Almuzzammil: Halangi Aksi Unjuk Rasa Langgar Konstitusi

Senin, 28 November 2016 - 15:35 WIB
Almuzzammil: Halangi Aksi Unjuk Rasa Langgar Konstitusi
Almuzzammil: Halangi Aksi Unjuk Rasa Langgar Konstitusi
A A A
JAKARTA - Wakil Ketua Komisi II DPR Almuzzammil Yusuf menegaskan, pasca bergulirnya Reformasi 1998, tidak ada larangan bagi siapapun melaksanakan aksi unjuk rasa karena telah dijamin dan dilindungi konstitusi dan undang-undang (UU).

Menurut Almuzammil, pelarangan atau menghalang-halangi rencana aksi unjuk rasa adalah perbuatan melanggar konstitusi dan UU.

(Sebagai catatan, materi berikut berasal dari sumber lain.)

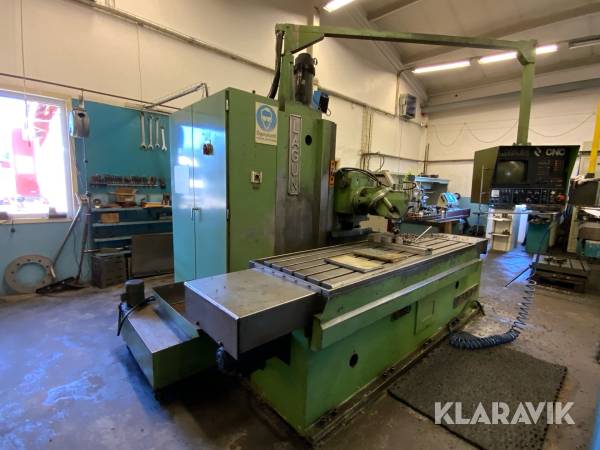Universalfräs CNC Lagun FBF 2000
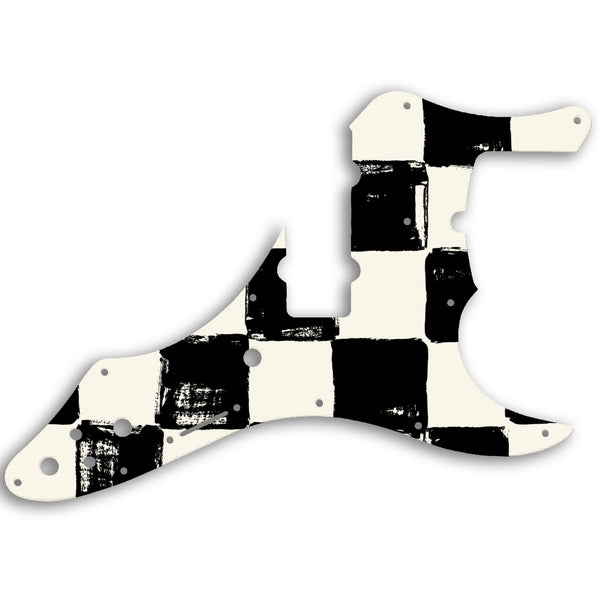 Fender Roscoe Beck V (5 String) Bass Custom Pickguard Scratchplate CHESS Design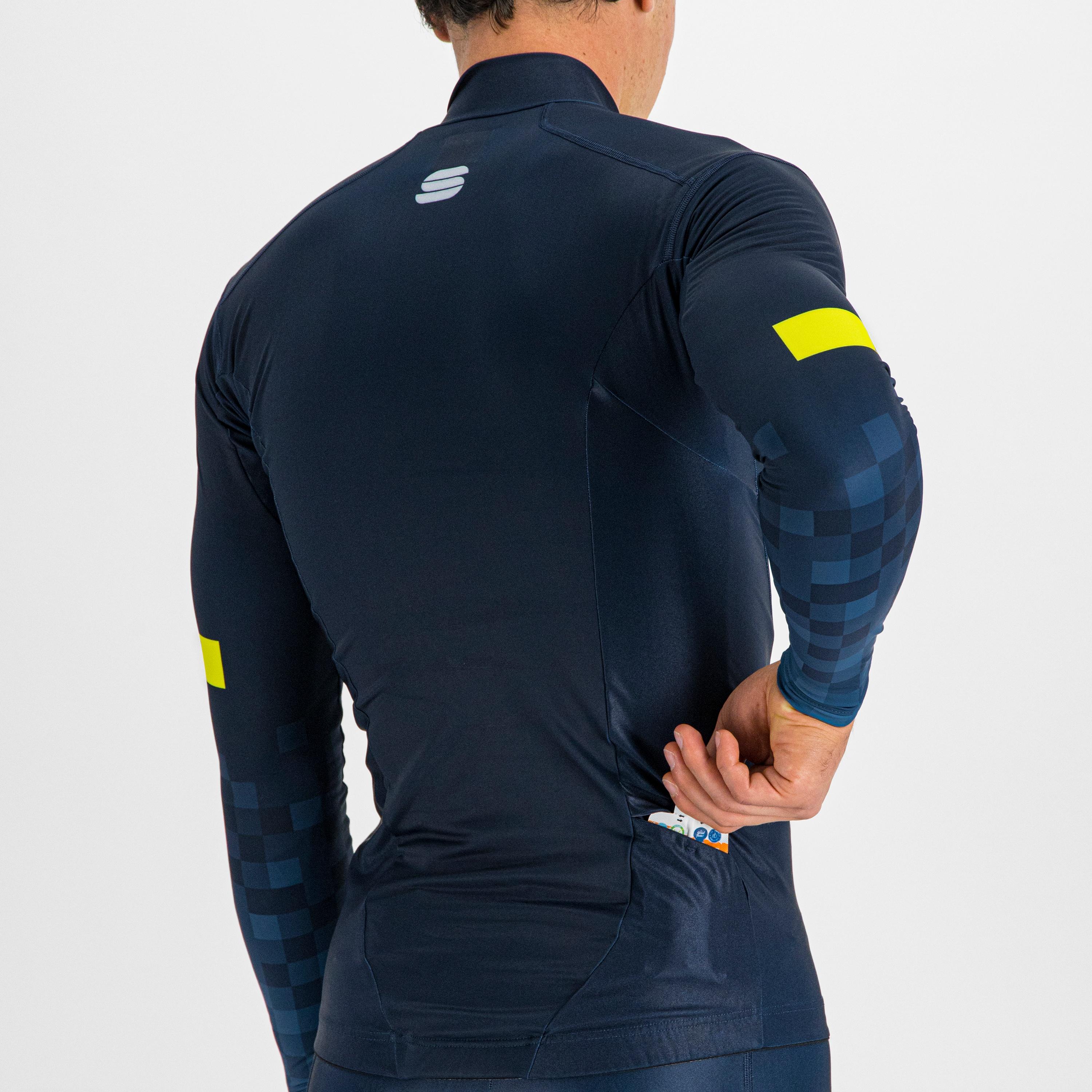 Squadra jersey - galaxy blue / natural gray - sportful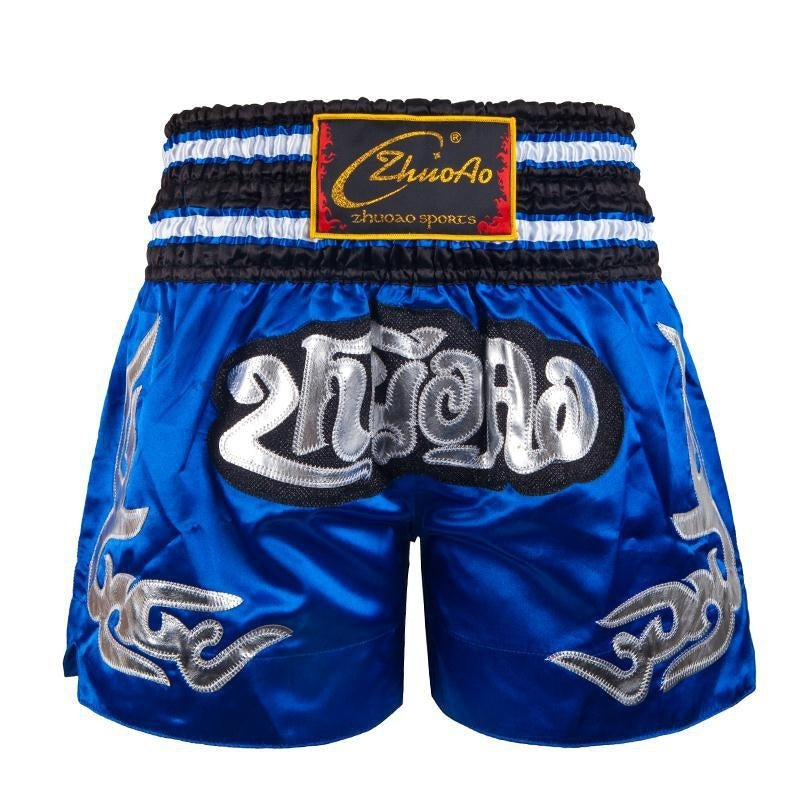 Boxing Clothes For Sanda Training Fighting Shorts Muay Thai Shorts Men And Women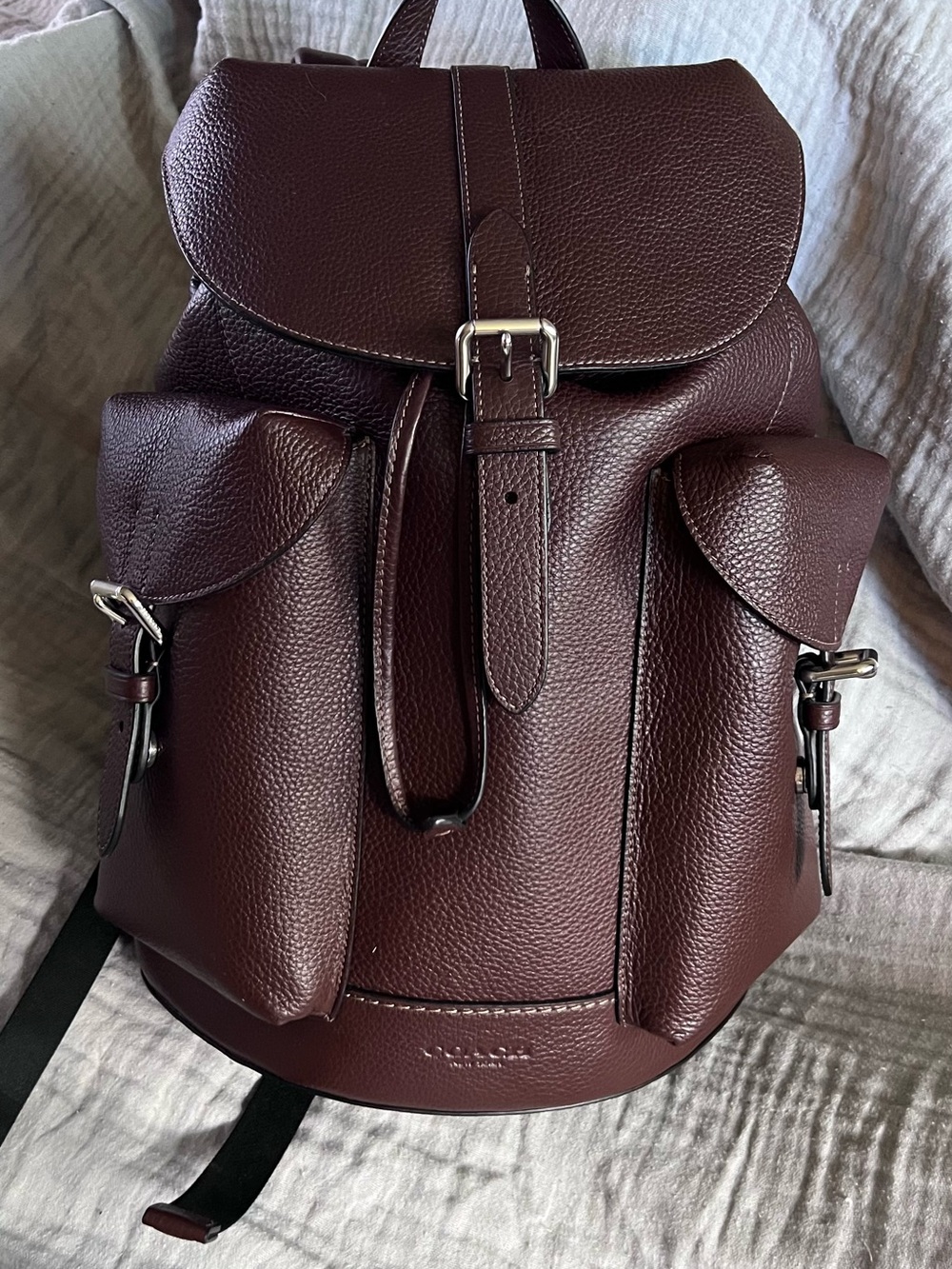 Coach Hitch Backpack in Maple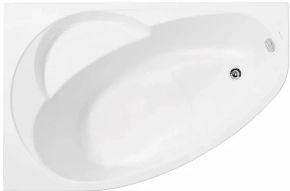 Акриловая ванна Vagnerplast Flora 150х100 L 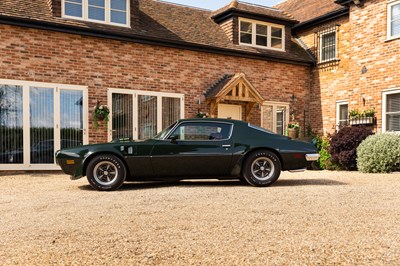 Lot 1973 Pontiac Trans Am 455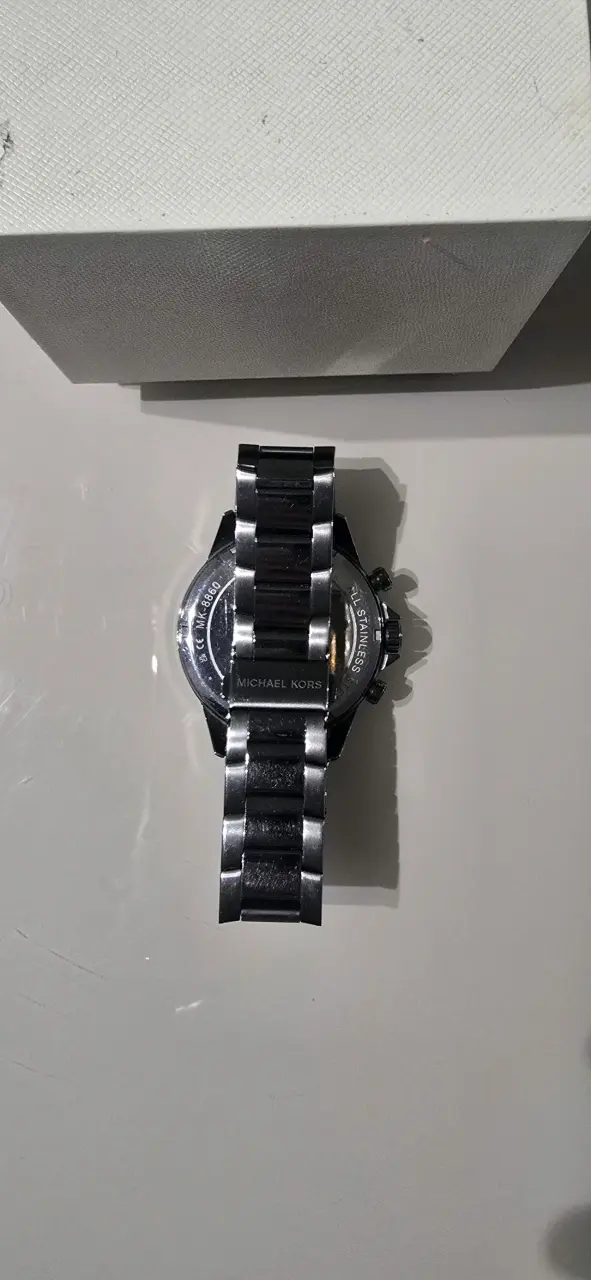 Reloj Michael Kors Antracita MK 8860 - 4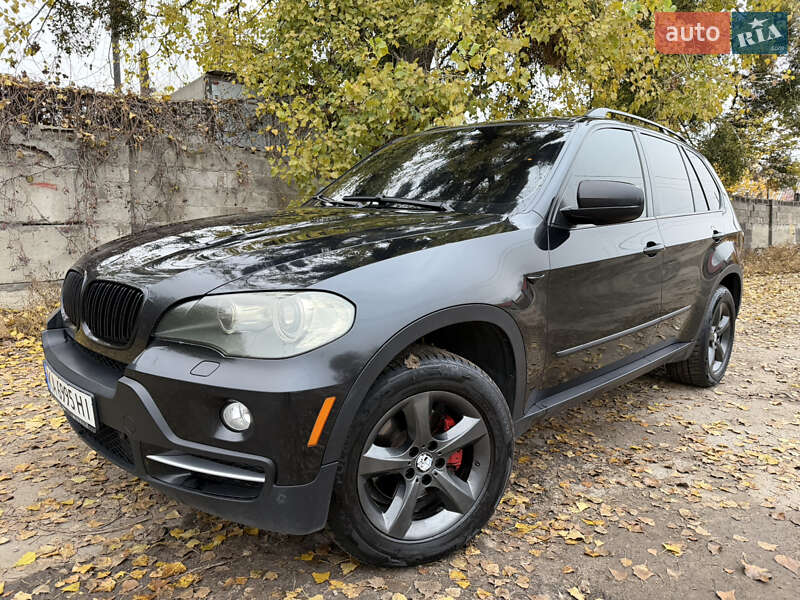 Внедорожник / Кроссовер BMW X5 2007 в Харькове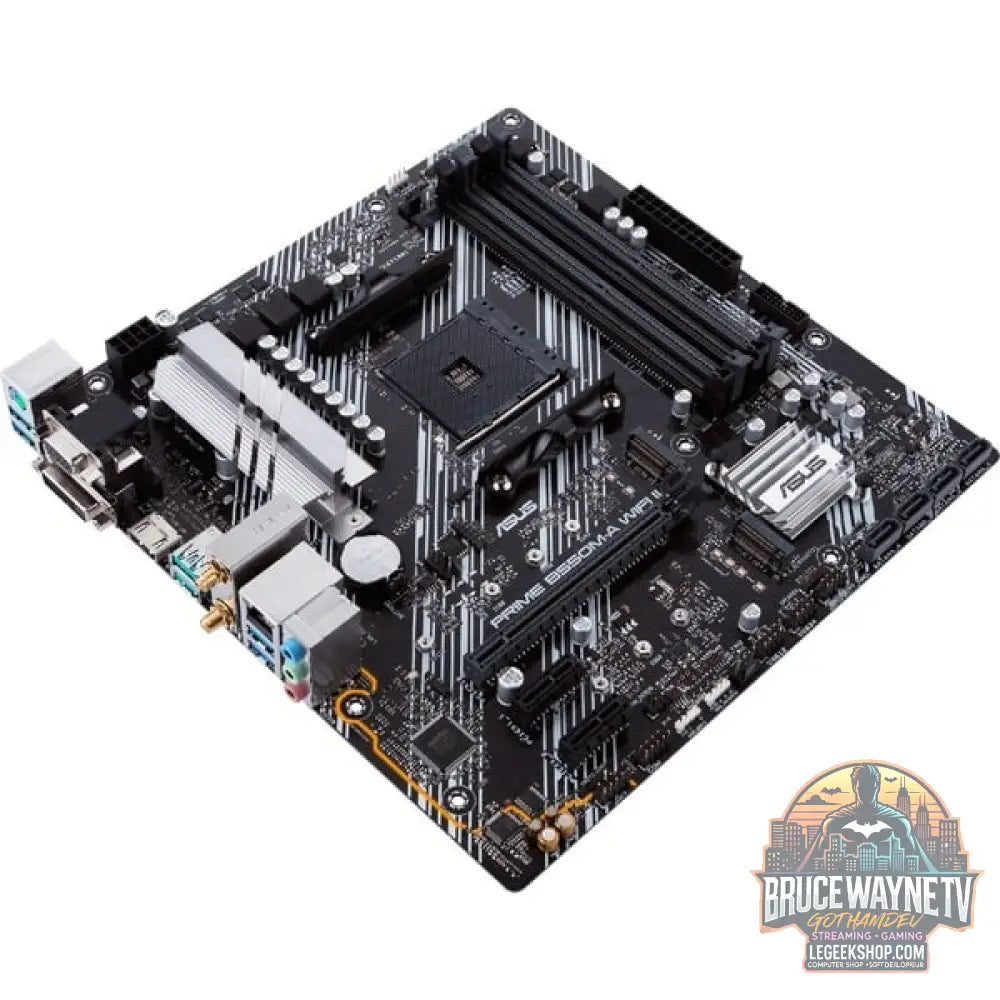 ASUS PRIME B550M-A WIFI II, carte mère - ASUS - vue 5
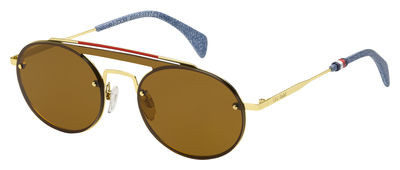 Tommy Hilfiger Th Gigi Hadid 3 Sunglasses, 0J5G(70) Gold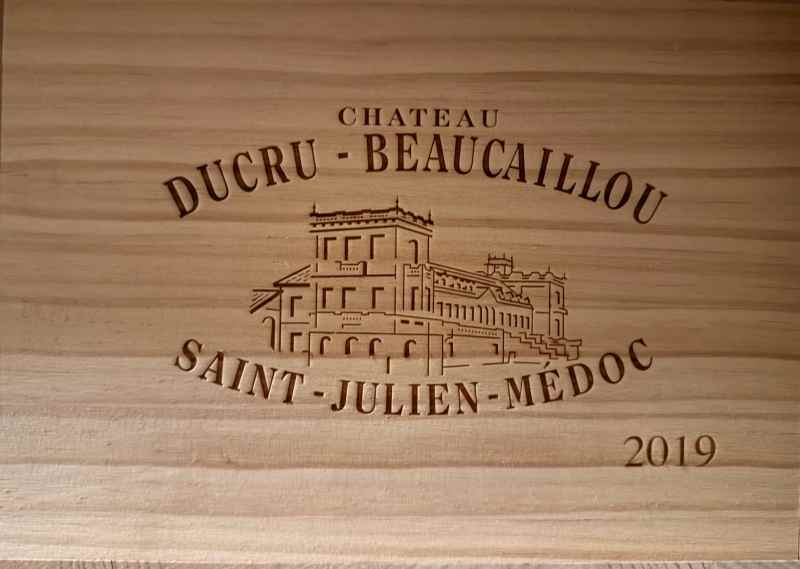 Château Ducru-Beaucaillou 2019 Grand Vin | Saint-Julien Bordeaux 2ème Cru Classé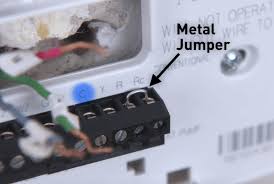 Has pictures of the wires, terminals they attach to, wire colors, and letter labels. Wiring A Thermostat Home Automation Tech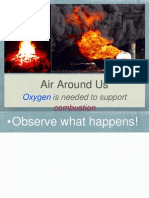 Oxygen: Air Around Us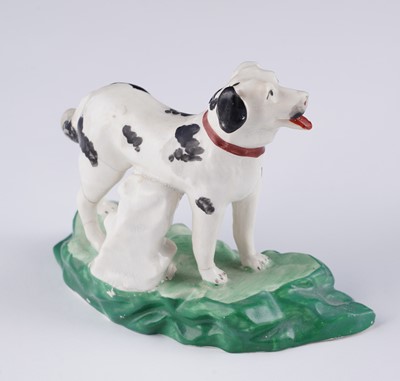 Lot 428 - A Minton figure of a Newfoundland; and three others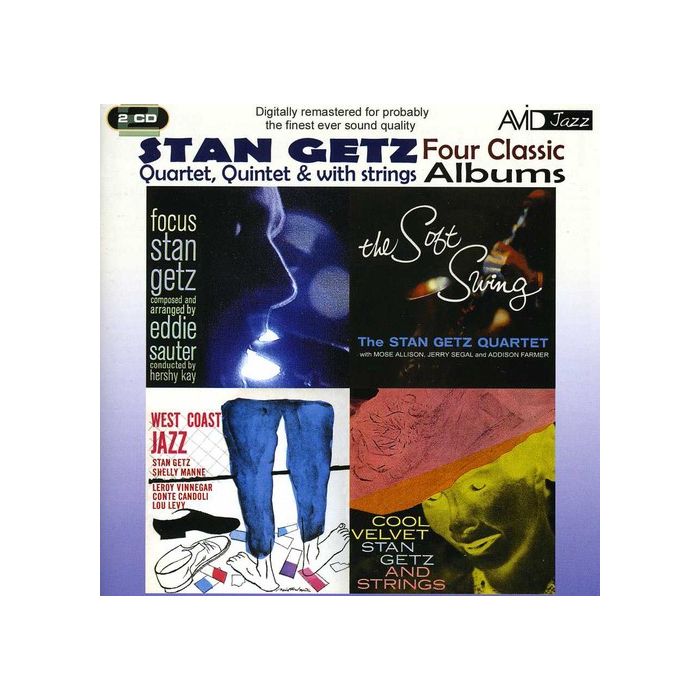 STAN GETZ - FOUR CLASSIC ALBUMS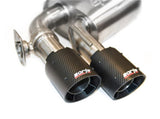 Borla 2016 Chevy Camaro SS V8 AT/MT ATAK Rear Section Exhaust with Dual Mode Valves 11925CFBA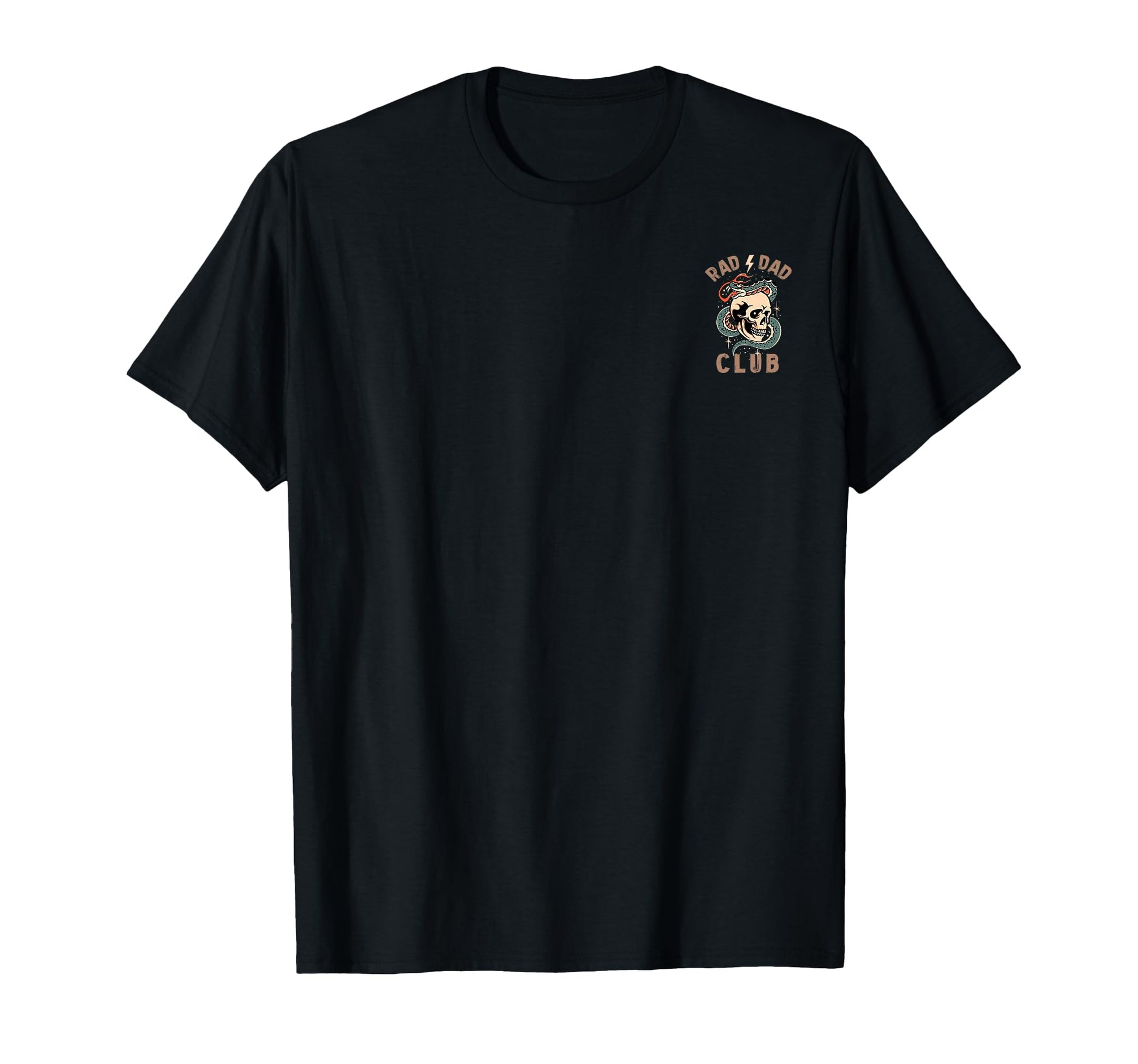 2 Sided Rad Dad Club Funny Rad Dad T-Shirt - Streetwear Style for Adults - T-Shirt, Sweatshirt, Hoodie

“Masyarakat tidak perlu takut. Konstitusi dan UU kita memberikan jaminan dan kebebasan kepada setiap warga negara untuk berserikat dan berkumpul, mengeluarkan pikiran dengan lisan dan tulisan sesuai dengan Pasal 28 UUD NRI Tahun 1945. Sudah semestinya seluruh pihak menghormati hak-hak konstitusional setiap warga negara,” tutur Almuzzammil di Jakarta, Senin (28/11/2016) dalam siaran pers yang diterima Sindonews, Senin (28/11/2016).

Selain dalam konstitusi, kata Almuzamil, hak menyatakan pendapat di hadapan publik telah diatur dalam Undang-undang (UU) Nomor 9 Tahun 1998 tentang Kemerdekaan Menyampaikan Pendapat di Muka Umum.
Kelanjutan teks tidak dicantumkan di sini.